Because it is a business, and not a public trust, it does not have responsibilities to the public. (Arguably, such responsibilities lie with publicly-funded news media organizations like National Public Radio.)

The news media is about eyeballs. And that's how it should be.

Sensationalism, and arguably irresponsible or jumping-the-gun practices like poor sourcing, may make for short-term gains. Journalistic fraud like the Jayson Blair debacle years ago can ruin a career. What's happened to Jayson Blair, by the way?

Credibility ultimately drives eyeballs, and commercial revenue follows.

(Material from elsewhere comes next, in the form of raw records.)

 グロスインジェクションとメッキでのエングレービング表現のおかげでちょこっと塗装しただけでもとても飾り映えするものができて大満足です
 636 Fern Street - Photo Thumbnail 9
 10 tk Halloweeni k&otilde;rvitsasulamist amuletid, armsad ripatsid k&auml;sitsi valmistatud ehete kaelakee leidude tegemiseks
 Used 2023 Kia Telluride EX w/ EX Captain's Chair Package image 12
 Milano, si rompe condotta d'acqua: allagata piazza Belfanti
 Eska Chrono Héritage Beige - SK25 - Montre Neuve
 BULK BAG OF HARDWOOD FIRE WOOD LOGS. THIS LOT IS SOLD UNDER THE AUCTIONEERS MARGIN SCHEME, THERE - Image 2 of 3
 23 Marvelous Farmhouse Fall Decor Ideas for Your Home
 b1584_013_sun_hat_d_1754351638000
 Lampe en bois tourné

Blaming reporters for "getting it wrong," or believing a fraud, is wrong. Worse would be a move to make the reporters or their news media outlets legally responsible. Even worse, you could face a chilling of the First Amendment by erecting a legal standard making journalists the guarantors of the truthfulness of their sources. The reporters get duped just as easily, and when they're working for peanuts, you're talking about young, green and naive reporters. Those reporters will take enough of a reputational hit for being fooled, particularly in an industry with cutthroat competition and ease-of-entry for new bloggers and news websites. An unintended consequence of this blame game will be to chill news-reporting activities, drive out some organizations, reduce bonafide investigative reporting and turn it into the very exclusive province of investigative lawyers working for private clients (in other words, people like me) and issuing reports only to private audiences (i.e., clients).

When sunshine is the best disinfectant, the solution is to have more reporting, more disclosure, and more news media competition. Targeting the reporters will be a tremendous mistake in the wrong direction.